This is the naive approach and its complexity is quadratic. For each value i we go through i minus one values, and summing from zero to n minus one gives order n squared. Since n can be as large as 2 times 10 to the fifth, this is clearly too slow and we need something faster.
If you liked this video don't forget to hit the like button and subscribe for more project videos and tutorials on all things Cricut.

* * *

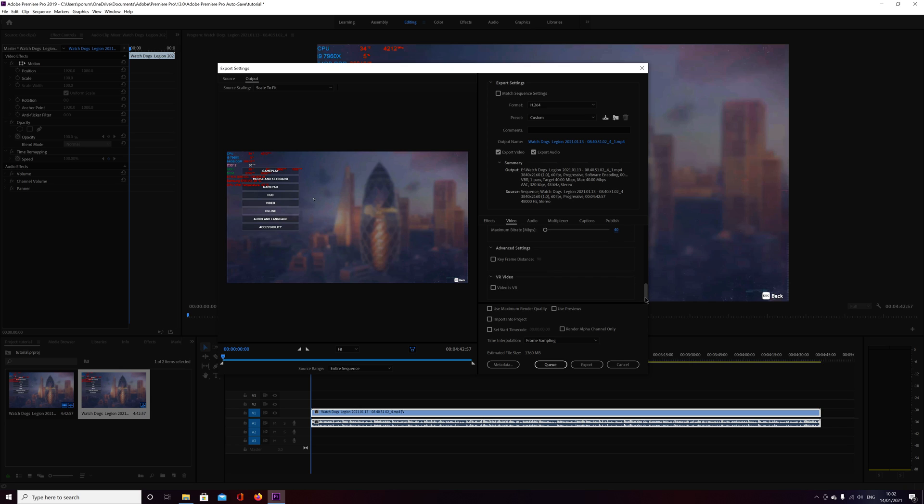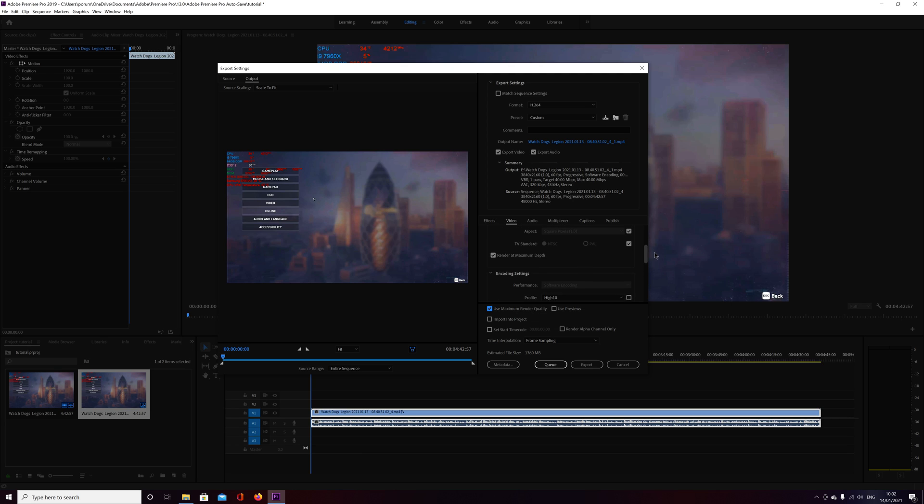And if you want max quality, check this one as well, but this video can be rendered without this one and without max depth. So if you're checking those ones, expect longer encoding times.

» **WHAT IS BEING ASKED**
When you reach the line in the material above that holds "This is the", begin reproducing lines exactly, and stop after the line that holds "If you liked".

» **EXERCISE RESULT**
This is the naive approach and its complexity is quadratic. For each value i we go through i minus one values, and summing from zero to n minus one gives order n squared. Since n can be as large as 2 times 10 to the fifth, this is clearly too slow and we need something faster.
If you liked this video don't forget to hit the like button and subscribe for more project videos and tutorials on all things Cricut.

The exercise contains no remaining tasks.